Millionaire businessman Chris Liddell secretly pledged up to $80,000 to help Te Papa buy what it thought was Sir Peter Snell's historic 1964 Olympic Games singlet.

The Weekend Herald can reveal a number of new details behind the infamously cancelled auction for what was supposed to be Snell's double gold singlet from the Tokyo Games, including:

• Former Microsoft finance chief Liddell generously offered to double Te Papa's $80,000 budget to secure the winning bid;

• How Te Papa checked the singlet's condition but only questioned its authenticity after bidding;


• Te Papa knew Sir Peter's signature in the framed piece was a "reproduction", and the pictures were "downloaded from the internet".

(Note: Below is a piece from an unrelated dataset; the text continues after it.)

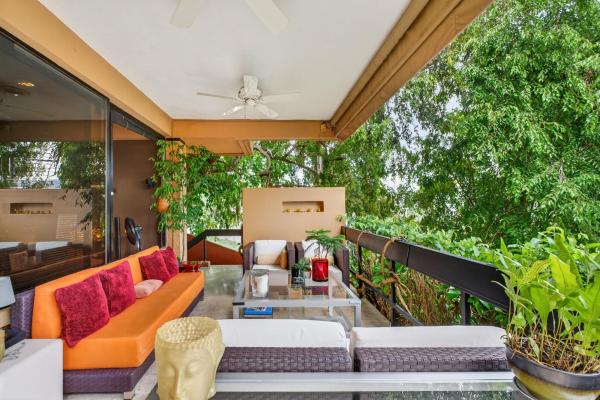 Bioclimatic architect-designed home in dos mares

The Weekend Herald has obtained over 500 pages of internal Te Papa communications through the Official Information Act, including text messages between chief executive Rick Ellis and Liddell - one of New Zealand's most successful businessmen.

Liddell, who helped engineer one of the biggest sharemarket listings in history - the US$23 billion float of General Motors in 2010 - is now an active philanthropist. He was interested in buying the three-time Olympic gold medal-winner's singlet and donating it to Te Papa to preserve a piece of New Zealand sporting history.

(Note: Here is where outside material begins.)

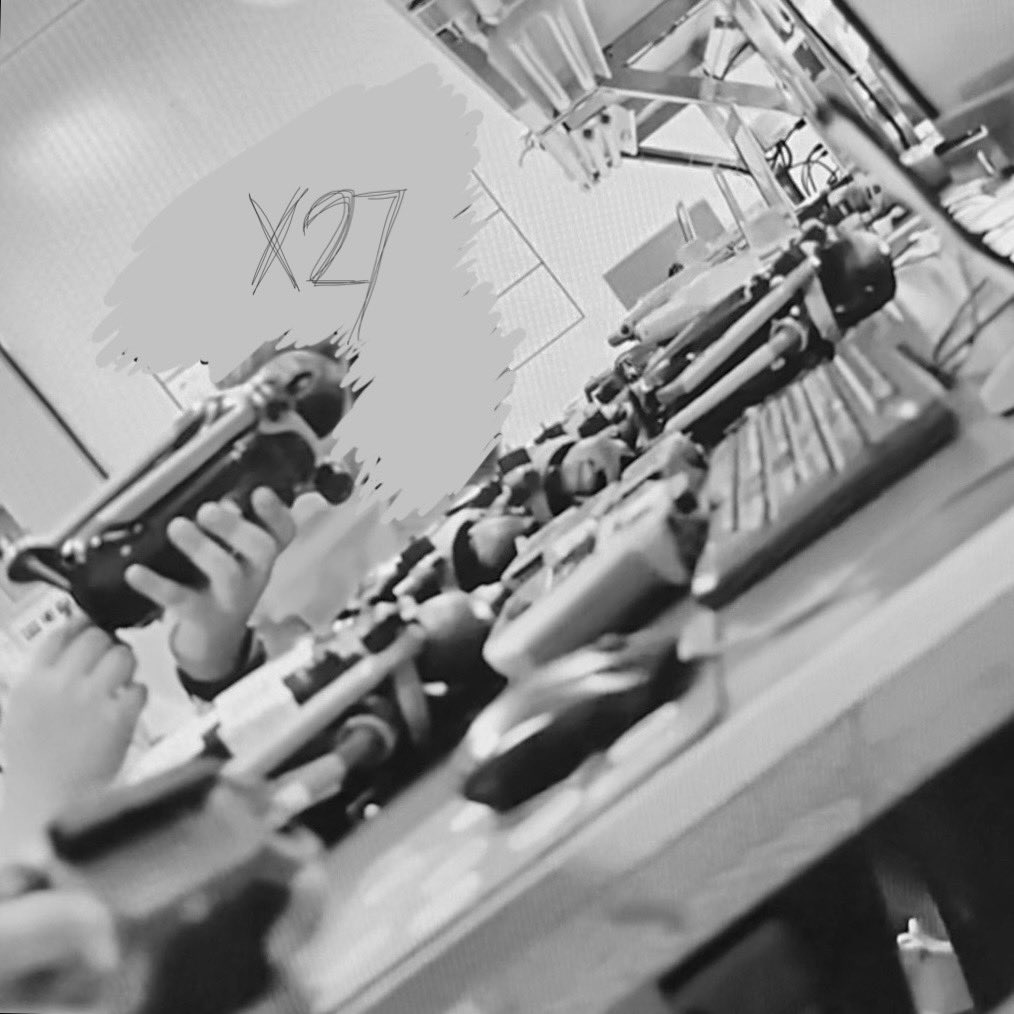 JasperEllens's tweet photo. Surprise! #spy pictures straight from the production lines of the #mavic4pro. You can count at least 5 Pro's and one RC2 on the table. Must be some final quality check before sending them to the promoters. Typical #flagship leaks. Nothing will stay secret on this one. Cheers https://t.co/CnHaugGKST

Emails reveal an unnamed contact at New Zealand Rugby helped connect Liddell with Te Papa, whose boss, former TVNZ chief Ellis, explained to museum colleagues "Chris was a contemporary of mine at Mt Albert Grammar".

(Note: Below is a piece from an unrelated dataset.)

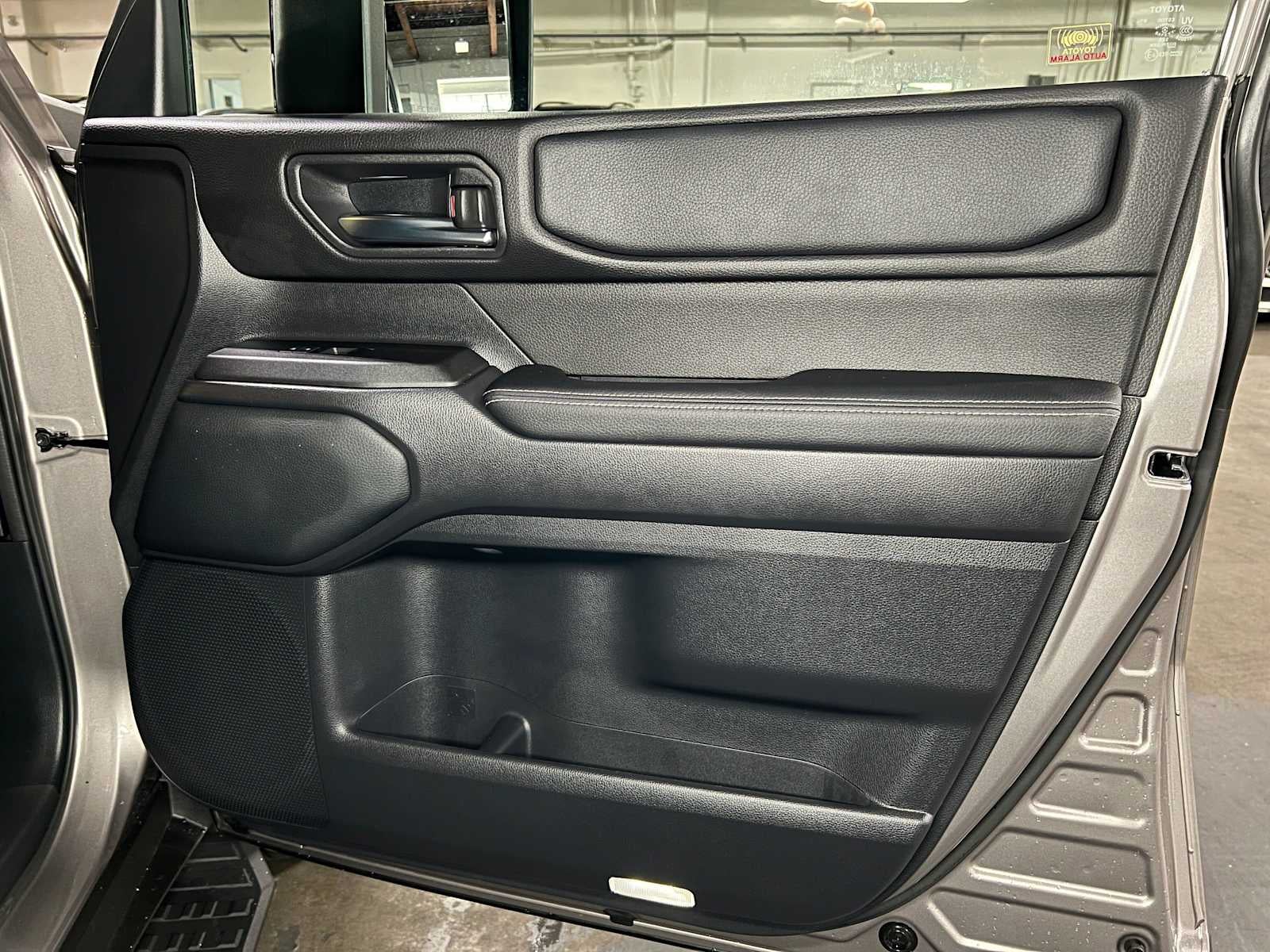 2024 Toyota Land Cruiser 4WD (Natl)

Rather than bidding against each other, the parties agreed to join forces for a combined budget of $160,000 and went on to win with a bid of $122,500, plus a further $18,375 on a "buyer's premium".

"Hi Chris, we nailed it. $140k. Talk soon. Greatly appreciate your support. It made the difference. Rick," Ellis texted Liddell soon after the June 21 auction.

But nine days later, Cordy's auction house scrapped the whole thing after Te Papa questioned the singlet's authenticity.

Internal communications reveal Te Papa did not question the authenticity before the Government-funded museum prepared to bid - even though staff had spoken directly with original owner John Ashbolt and knew he'd added a reproduction of Snell's signature in the presentation frame along with three photographs he had downloaded.

Ashbolt agreed those facts were discussed with Te Papa and he still believes he owns Snell's authentic 1964 Games singlet.

Te Papa's due diligence did include a "condition report" from a consultant, but they admit the probe wasn't scoped to scrutinise whether the item was legitimate.

"The purpose of the Object Lab report was solely to look at the condition of the item - for example to look for stains, holes or damage - not to assess the singlet's authenticity," said a Te Papa spokeswoman.

"Te Papa is of the view that the parties came in to the sale in good faith, believing the item was authentic. We have not laid a complaint with police or Cordy's."

Te Papa said the event was "unfortunate" and they hoped to work with Liddell again.

"Chris Liddell's offer to support the singlet bid was incredibly generous. He is a proud Kiwi who obviously has a huge dedication to preserving New Zealand's heritage, and we look forward to working with him in the future," the spokeswoman said.

Liddell told the Weekend Herald he was disappointed the situation didn't work out.

"I was delighted to support Te Papa's bid for the Peter Snell singlet.

"It was disappointing for all parties when the sale was cancelled, but I passionately believe that icons of our heritage should remain in New Zealand, and be available to all New Zealanders."